When Tania Cameron left Kenora, Ont. with a bus full of athletes to the Ontario Summer Indigenous Games in Ottawa, she wasn’t sure if there would be enough money to afford hotel rooms through the weekend.
Her eight-week fundraising campaign had fallen $6,500 short of its $53,000 goal to support seven teams of 15 to 18-year-old volleyball and basketball players from across northwestern Ontario to compete at the provincial level.
Even with that uncertainty, the Treaty 3 Titans volleyball and SwishNish basketball teams made the trip to Ottawa.
And they didn’t just make it to the games, they dominated.
They returned with nine medals, including four gold and a silver in volleyball, which prompted Sport & Wellness Ontario manager of sport and athlete development Gary Lynch to say he was “thoroughly impressed” with the talent emerging from the northwest.
“I just think the kids were so motivated to play,” Cameron says. “It’s been a long two years without sports.
“For seven teams and for every team to come home with a medal, I’m just shook. I don’t know how we did this, but we did it. We’re just bursting. I’m bursting with pride. Like every time I heard that we medalled up, I just started crying.”
The budget uncertainty meant coach Cameron had to restrict the Treaty 3 teams to volleyball and basketball, despite requests from soccer and baseball players, swimmers, wrestlers, and others. She could have filled two buses but despite having tapped First Nations, tribal councils, youth funds, and corporate sponsorships, she could scarcely fund one.
Cameron posted the request for donations on social media from the road.
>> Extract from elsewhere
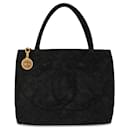 Black Chanel Suede Medallion Tote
The sports programming Cameron has been running since 2015 has garnered national attention and support in her time of need poured in. There were even parents who were watching the games handing her cash at courtside.
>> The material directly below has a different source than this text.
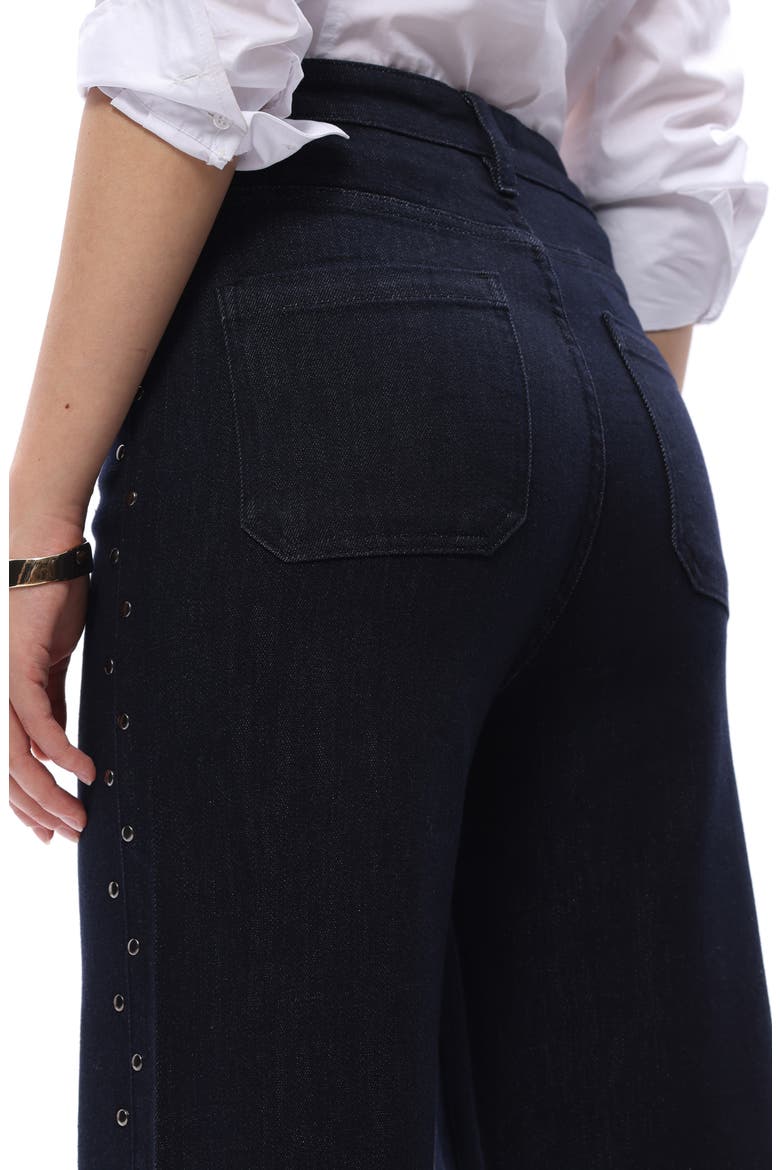 High Waist Straight Leg Two-Tone Jeans, Alternate, color, RINSE WASH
Through it all, she paid the trip off just in time.
“It’s people that just gave, right across the board gave, gave, gave,” Cameron said. “I was just intending a little Treaty 3 team. But when tryouts came, my gym was packed with kids from Thunder Bay, Pickle Lake, Mishkeegogamang, coming from the fly-in communities, Fort Frances,” Cameron said, “I’m like, ‘Why didn’t you guys just make your own team out of Thunder Bay?’ [They said] ‘No, we want to play on your teams.””
- WATCH | Check out the highlights from athletes at the games
Eighteen-year-old power hitter Kylan Whitehead from Webequie First Nation played every second of every game through 20 straight sets without a loss. He then helped to lead the Under 19 male team to a further championship in a single-game-elimination tournament among all male teams.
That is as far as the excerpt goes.